- Location: Harpersville, Alabama, United States
- Coordinates: 33°19′34″N 86°27′20″W﻿ / ﻿33.326156°N 86.4555°W
- Founded: 2000
- Cases/yr: 15,000
- Known for: Vulcan Red
- Distribution: Regional
- Tasting: Open to public
- Website: Official website

= Morgan Creek Vineyards (Alabama) =

Winery in Alabama

Morgan Creek Vineyards is a winery in Harpersville, Alabama, United States. Regionally well-known, it is one of eleven wineries in the state. Founded in 2000 on an initial 30 acre, it began with a production of 600 cases (7200 bottles), that sold in 6 stores. In 2009, the winery produced 15,000 cases, selling in 400 stores across Alabama and Mississippi, and expanded its acreage by 85 acre. It is run by Brammer family.

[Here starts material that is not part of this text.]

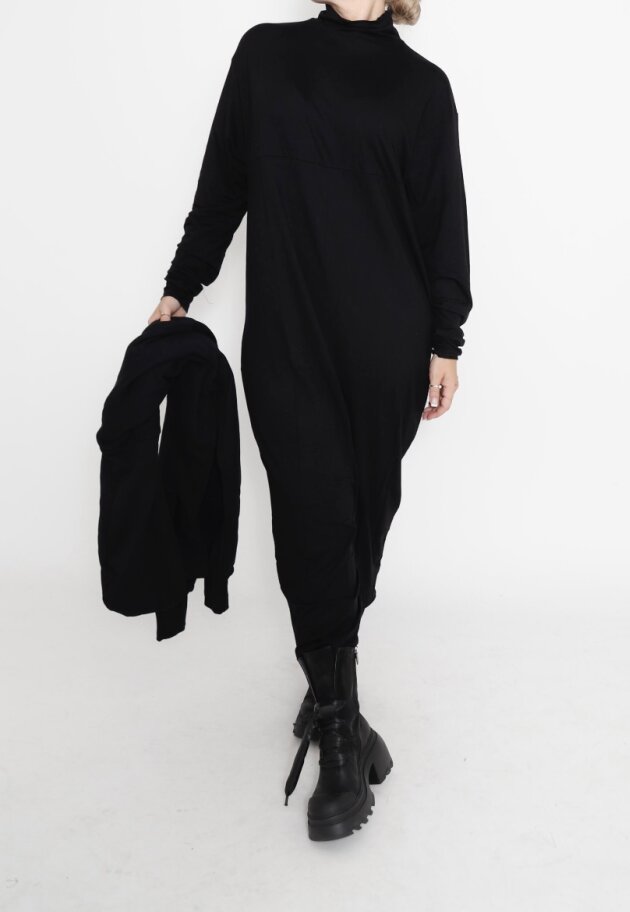 Sort Aarhus - Baggy jumpsuit with a high neck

Morgan Creek produces "Southern wines such as muscadine, blueberry and apple," and a red wine called "Vulcan Red," named for the Vulcan statue in nearby Birmingham. Its wine was included on the list of "100 Things to Eat in Alabama Before You Die."

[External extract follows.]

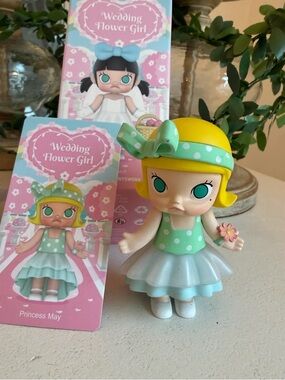 Pop Mart Molly Wedding Flower Girl - Princess May Vinyl Figurine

As a member of the Alabama Wineries and Grape Growers Association, Morgan Creek has been actively involved in efforts to relax some restrictions on wineries in Alabama, to better conform with laws in the rest of the United States. In 2010, it favored the passage of Alabama House Bill 637 and Alabama Senate Bill 556, collectively known as the Alabama Small Winery Business Viability Act, in the Alabama legislature. The act, if passed, would require Alabama wineries to conform with Federal winery laws, define what a small winery is, and address business issues related to wineries.